2. The best film score I've ever heard (except Prokofiev's scores for Eisenstein), beuatiful melodies, featuring Charlie's own compositions plus popular spanish songs and tradtional rhythms in both burlesque and love scenes Just remember the melody of the flower girl (originally composed by José Padilla) or the string ostinato with flute and oboe motives in boxing scene or the heavily dramatic ending passage , etc ... with a wonderful orchestration by Alfred Newman and Arthur Johnston.

3. Acting , so artistic and effective, not only by the principle roles (Charlie and Virginia Cherrill) but also supported by very good secondary roles, all seem appeared at their best ...

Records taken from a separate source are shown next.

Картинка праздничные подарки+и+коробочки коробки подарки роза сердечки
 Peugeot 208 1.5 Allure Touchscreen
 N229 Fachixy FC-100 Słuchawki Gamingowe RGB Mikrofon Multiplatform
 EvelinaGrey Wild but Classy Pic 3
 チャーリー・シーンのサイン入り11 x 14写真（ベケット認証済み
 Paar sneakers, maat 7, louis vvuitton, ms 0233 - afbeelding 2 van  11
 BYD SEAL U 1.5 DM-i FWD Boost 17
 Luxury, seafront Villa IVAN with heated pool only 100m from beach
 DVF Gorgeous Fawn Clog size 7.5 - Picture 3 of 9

4. The best ending : when the girl holds Charlie's hand, touching his hand, she finally knows that he's the man she'd always had him in her dreams, the man who was her saviour, and he's not a rich but a poor tramp : no one can forget that childish innocent face of Charlie, with the Rose in his hand , looking to the girl, which brings tears into our eyes ! Such a strong ending can be found nowhere in Charlie's movies, even the wonderful ending of Modern Times, the endless road.


----------



## Manxfeeder (Oct 19, 2010)

I'm going to have to check out City Lights. So far, my favorite is Modern Times, mainly because Paulette Goddard is a perfect foil for him.


----------



## peeyaj (Nov 17, 2010)

Charlie Chaplin is my favorite actor!!

Here is my favorite films of him: 

*1. City Lights*

- One of the greatest ending in history.. So touching and beautifully made.

*2. The Gold Rush *

- The scene where Chaplin is eating is his shoe is one of the greatest comedic moments in history.
*
3. The Kid*

- Perfect blend of pathos and comedic genius. :')
*
4. The Circus*

- Comedic gold!

*5. The Great Dictator*

- The dancing in the Globe scene is a favorite..


----------



## Xaltotun (Sep 3, 2010)

City Lights, sure - although I'll have to confess, I haven't seen all his films, not even all the most important ones. City Lights addresses and illustrates the concept of Goodness - not something that many films dare to do - and succeeds.


----------



## Vesteralen (Jul 14, 2011)

peeyaj said:


> Charlie Chaplin is my favorite actor!!
> 
> Here is my favorite films of him:
> 
> ...


Hard to argue with this.

As with my composer-overrate-underrate comment, though, I can acknowledge greatness without having a personal attraction for something. Great as Chaplin was, I must be honest and say that *The Circus *is the only Chaplin movie I can watch again and again. I have a personal preference for Harold Lloyd (*The Kid Brother *is one of my all-time favorites) and Buster Keaton ("*One Week*", although just a two-reeler, may be, for me, the only perfect comedy.)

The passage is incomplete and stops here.